Betsy Bright: Western Suite

Betsy Bright, born in South Carolina in 1981, studied trumpet and composition at Shenandoah Conservatory in Winchester, Virginia, and became a member of the Tucson Symphony Orchestra upon graduating. Bright performs as well with the TSO Brass Quintet, Monsoon Brass, True Concord Voices & Orchestra, Britt Music Festival, Hot Springs Music Festival, Music in the Mountains (Colorado), Bay View Music Festival, and other American orchestras. She is also committed to teaching by maintaining a private trumpet studio, founding and directing the Tucson Brass Workshop (a non-profit annual summer chamber music workshop for all ages), and serving as instructor with the Tucson Symphony Young Composer Project. Bright has also published dozens of arrangements and several original compositions for brass ensembles.

Victor Ewald: Symphony No. 1 in B-flat minor, Op. 5

Victor Vladimirovich Ewald was, like his more famous Russian compatriot Alexander Borodin, a scientist and an amateur musician. Ewald, born November 27, 1860, in St. Petersburg, was a respected engineer who taught at the Institute of Civil Engineering in his native city from 1895 to 1915, but he seems to have devoted almost equal zeal to his musical avocations as to his profession. He studied composition with Nikolai Sokolov, one of Rimsky-Korsakov’s prize students at the Petersburg Conservatory, and probably received some advice from Rimsky himself. Ewald was skilled as a cellist and horn player, and regularly participated in the Friday “Quartet Evenings” at the home of the important publisher Mitrofan Belaiev, where he met such luminaries of Russian music as Borodin, Tchaikovsky, Glazunov, Scriabin, Liadov, and Rimsky-Korsakov. Ewald was also active as an ethnomusicologist and participated in expeditions to the north of European Russia to collect folk music; his daughter, Zinaida (1894–1942), carried on his efforts in that field, and published several collections of Russian folksongs in collaboration with her husband, Evgeny Gippius. After the Revolution, Ewald continued to work as a civil engineer. He died in Leningrad on April 26, 1935.

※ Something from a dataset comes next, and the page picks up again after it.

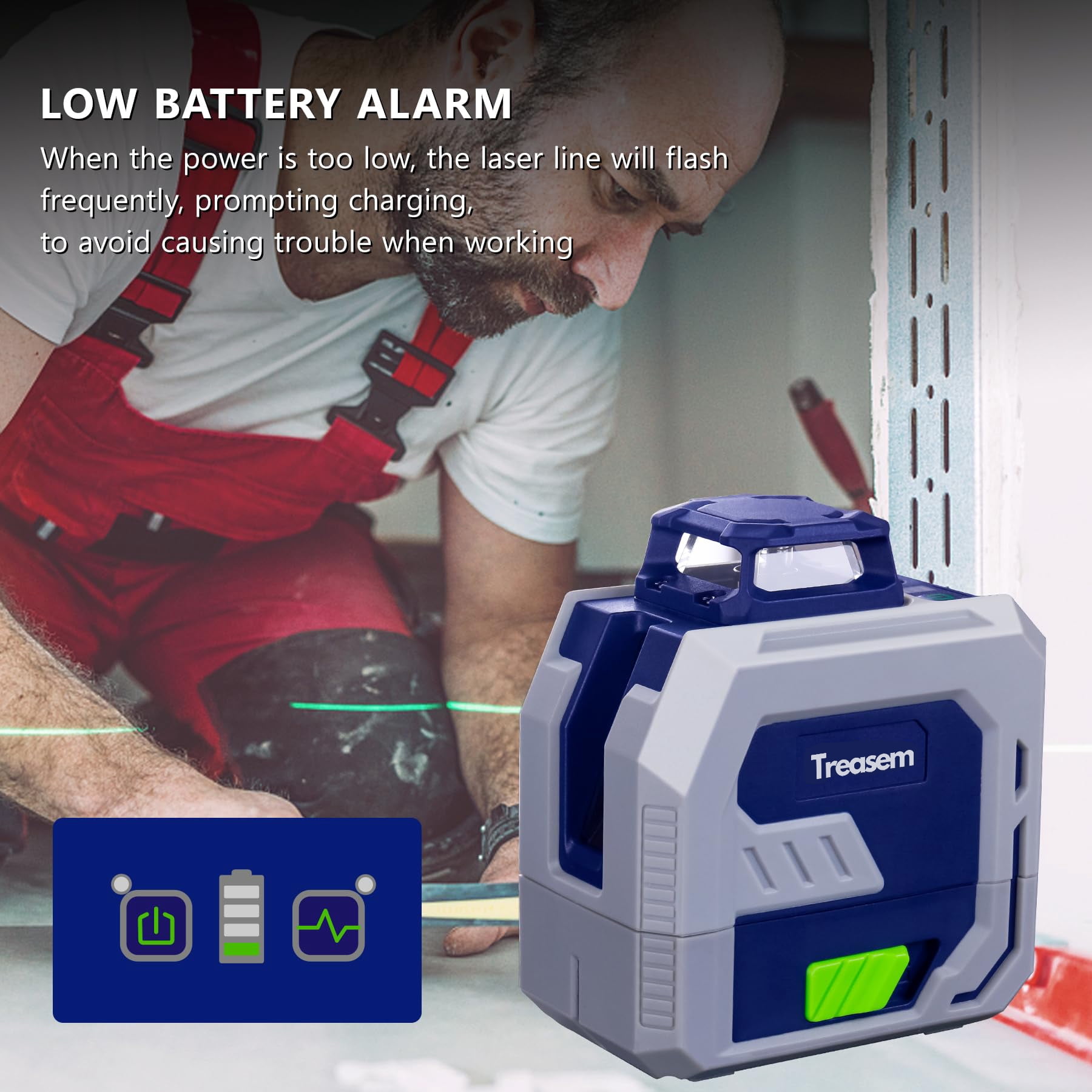 5 Line Laser Level, 100ft/30m, IP54 Waterproof, with Self-leveling and Manual Mode, including Magnetic Bracket, Rechargeable Battery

Leonard Bernstein (arr. Jack Gale): Suite from West Side Story

Leonard Bernstein, a native of Boston, had a productive fascination with New York City for much of his career. Besides being linked with that city’s major orchestra for many years as conductor and music director, the great metropolis also served as the inspiration for several of his original stage compositions—the ballet Fancy Free (1944), the musicals On the Town (1944) and Wonderful Town (1952), the score for Elia Kazan’s film On the Waterfront (1954) and the epochal West Side Story. The idea for West Side Story was suggested to Bernstein as early as 1949 by the choreographer Jerome Robbins, who envisioned a modern adaptation of Shakespeare’s classic Romeo and Juliet set in New York City. Bernstein was fascinated with the idea but could not find time to work on the project until the middle 1950s, beginning composition as soon as he had finished the brilliant score for the operetta/musical Candide . Stephen Sondheim, in his Broadway debut, supplied the lyrics, Arthur Laurents wrote the book and Robbins staged the show, which was finally completed in 1957. After try-outs in Washington and Philadelphia, West Side Story was unveiled on Broadway on September 26th and ran for almost two years. After a ten-month road tour, it returned to New York and closed on April 27, 1960 after a total of 732 Broadway performances. It was made into a film in 1961 that swept ten Oscars, including Best Picture, and has since entered into the pantheon of the American theater as one of the greatest musicals ever created.